• [GIVEN RECORDS]
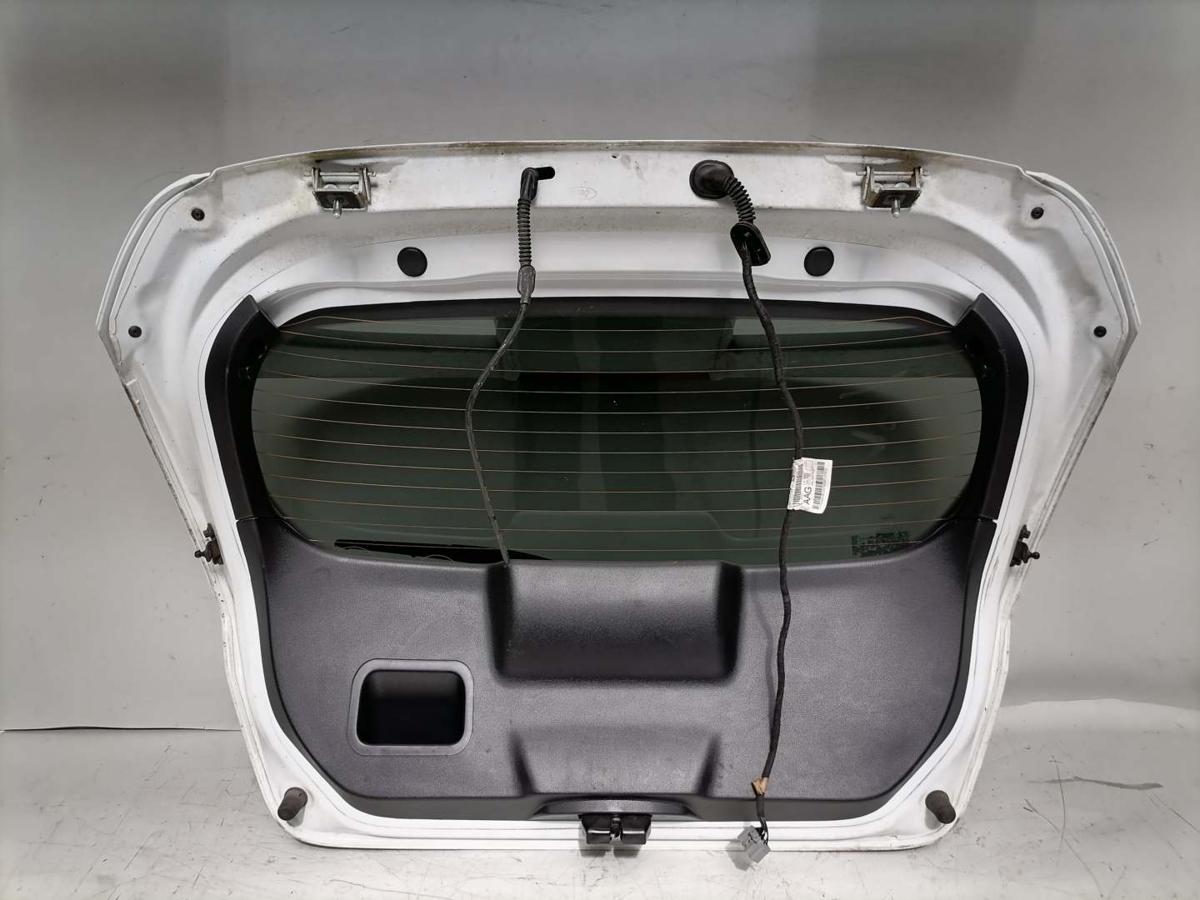 Ford Fiesta 2AJ original Heckklappe mit Heckscheibe Frost Wei&szlig; Bj.2011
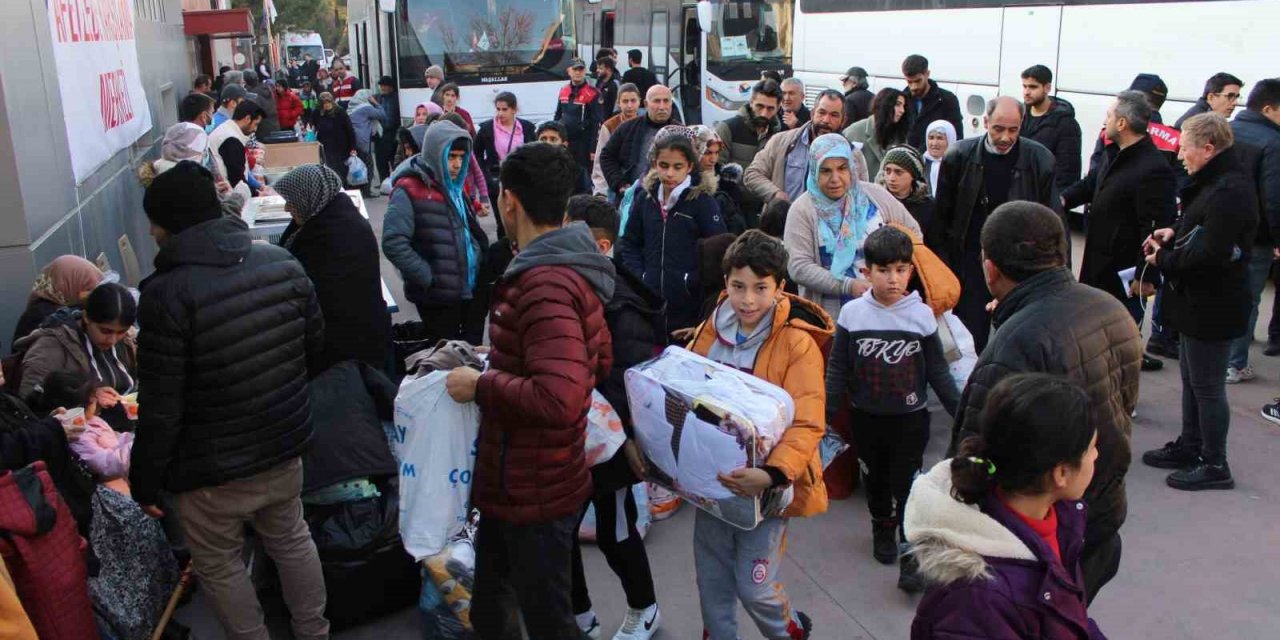 Aydın doldu, depremzedeler başka illere gönderilecek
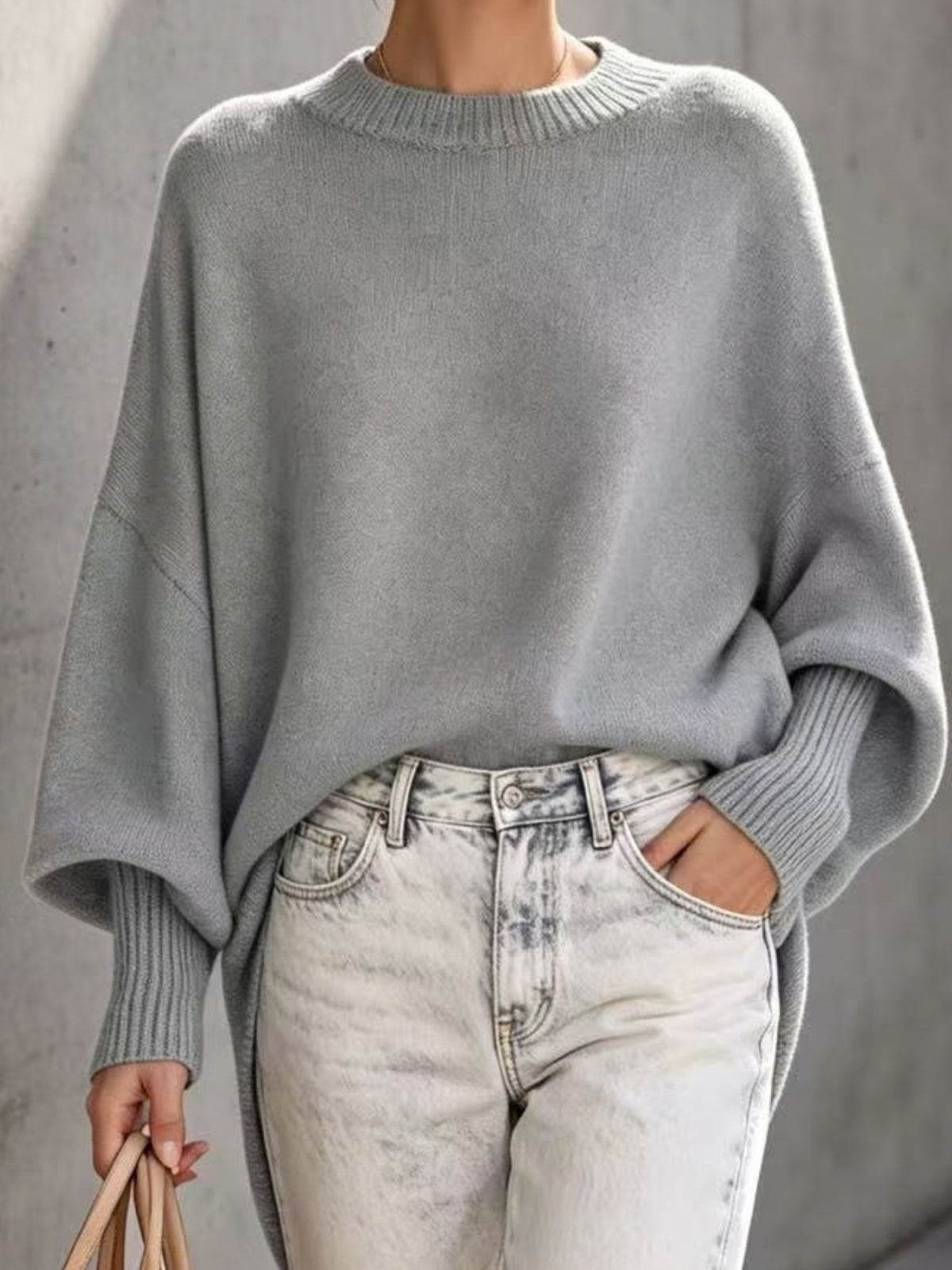 Maglione Poncho Donna Oversize con Maniche a Pipistrello – Eleganza Minimalista – Adele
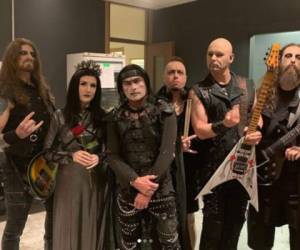 Cradle of Filth es una banda británica de Metal Extremo con influencias de metal gótico, y otros subgéneros del metal extremo formada en 1991.
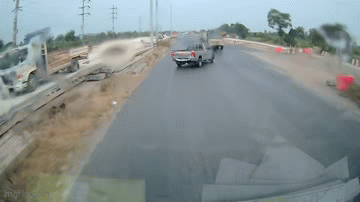 Khoảnh khắc ô tô bán tải lao sang làn đường ngược chiều tông mạnh vào hông xe tải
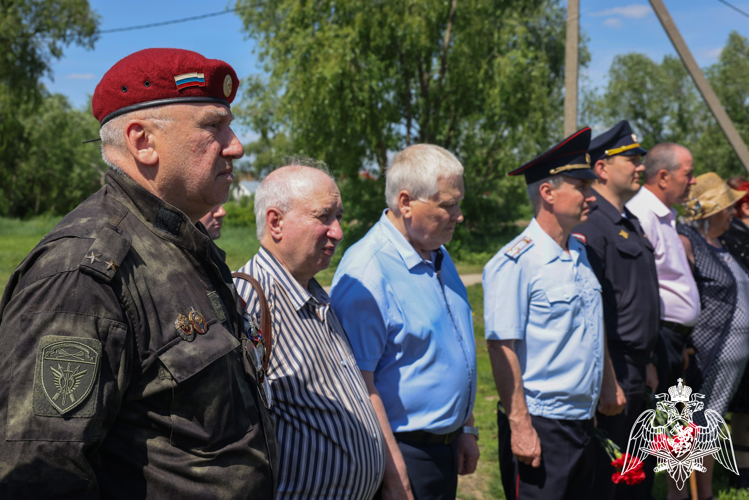 «Герои живут среди нас»: представитель Управления Росгвардии принял участие в памятной встрече в Рязани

• [TASK INSTRUCTIONS] Starting at the first line of the material above and ending with the line that contains "Cradle of Filth", reproduce every line exactly, and leave out the pictures.

• [TASK RESPONSE]
 Ford Fiesta 2AJ original Heckklappe mit Heckscheibe Frost Wei&szlig; Bj.2011
 Aydın doldu, depremzedeler başka illere gönderilecek
 Maglione Poncho Donna Oversize con Maniche a Pipistrello – Eleganza Minimalista – Adele
 Cradle of Filth es una banda británica de Metal Extremo con influencias de metal gótico, y otros subgéneros del metal extremo formada en 1991.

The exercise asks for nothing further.